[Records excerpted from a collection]
================

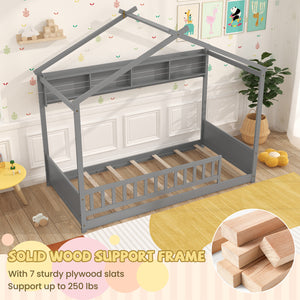 Twin Size House Bed with Storage Shelf and Headboard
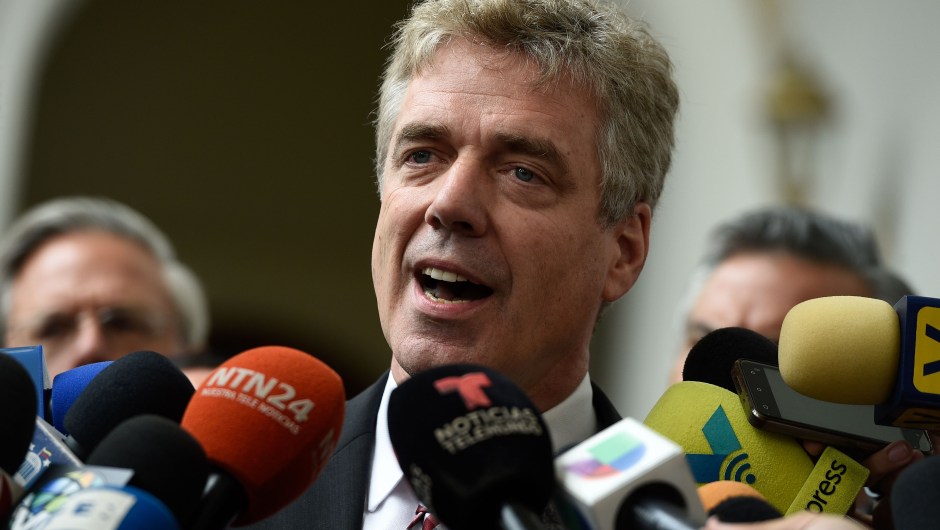 German ambassador to Venezuela Daniel Kriener speaks to journalists after attending a meeting with Venezuela's opposition leader and self-proclaimed acting president Juan Guaido, at the National Assembly in Caracas on February 19, 2019. - Guaido sent messages to military chiefs in border crossings Tuesday to request them to disavow Venezuelan President Nicolas Maduro's orders and let in humanitarian aid on Saturday. (Photo by Federico PARRA / AFP) (Photo credit should read FEDERICO PARRA/AFP/Getty Images)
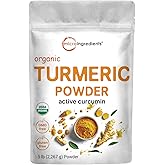 Organic Turmeric Powder, 5 Pounds | Rich in Active Curcumin | Pure Turmeric Supplement | Antioxidant Support for Joint & Immune Health | Non-GMO, Vegan Friendly, India Origin
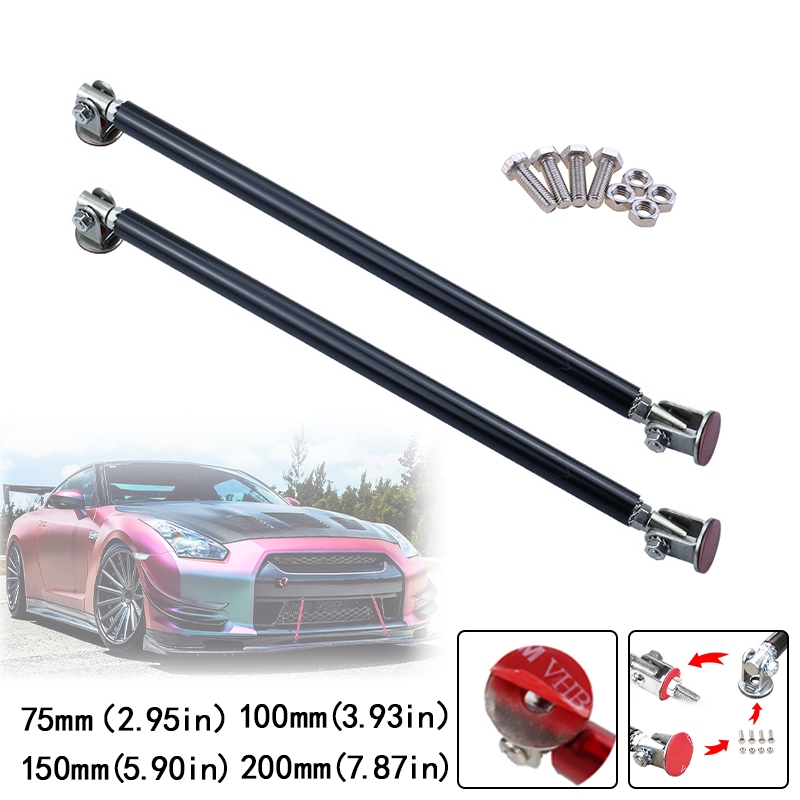 Barres De Support Pare-Chocs Avant - Tiges Aluminium Réglables 75/100/150/200mm - Pour Diffuseur/Lèvre - 1 Paire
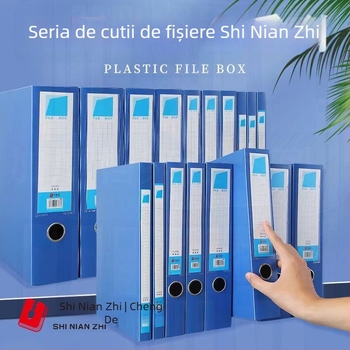 Set de 10 cutii pentru fișiere A4, albastru, material PP, depozitare documente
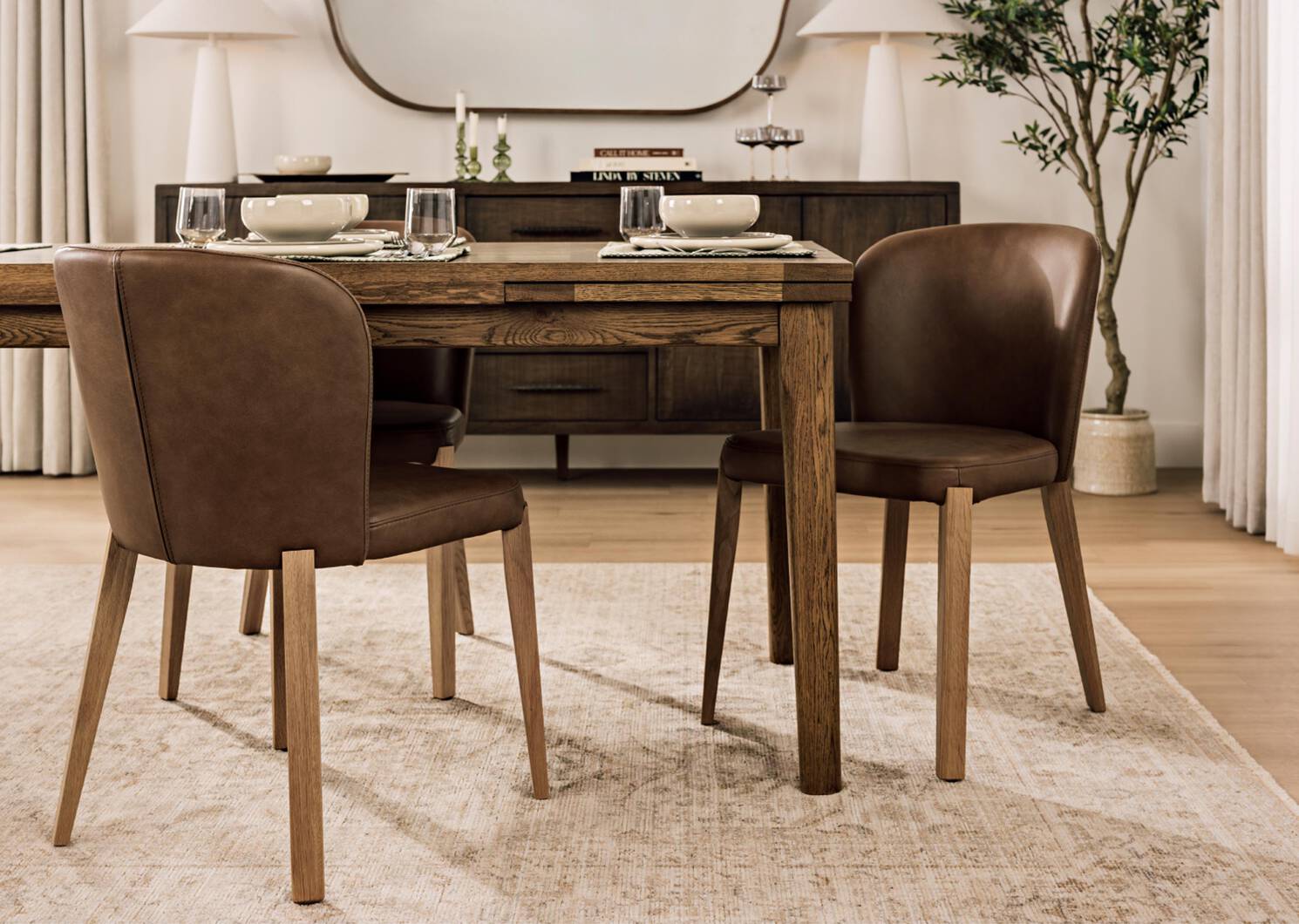 Chaise en cuir Eldridge -Leo moka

================

What you are asked to do → The entries are to be written out again exactly, without their pictures.

Your solution →
 Twin Size House Bed with Storage Shelf and Headboard
 German ambassador to Venezuela Daniel Kriener speaks to journalists after attending a meeting with Venezuela's opposition leader and self-proclaimed acting president Juan Guaido, at the National Assembly in Caracas on February 19, 2019. - Guaido sent messages to military chiefs in border crossings Tuesday to request them to disavow Venezuelan President Nicolas Maduro's orders and let in humanitarian aid on Saturday. (Photo by Federico PARRA / AFP) (Photo credit should read FEDERICO PARRA/AFP/Getty Images)
 Organic Turmeric Powder, 5 Pounds | Rich in Active Curcumin | Pure Turmeric Supplement | Antioxidant Support for Joint & Immune Health | Non-GMO, Vegan Friendly, India Origin
 Barres De Support Pare-Chocs Avant - Tiges Aluminium Réglables 75/100/150/200mm - Pour Diffuseur/Lèvre - 1 Paire
 Set de 10 cutii pentru fișiere A4, albastru, material PP, depozitare documente
 Chaise en cuir Eldridge -Leo moka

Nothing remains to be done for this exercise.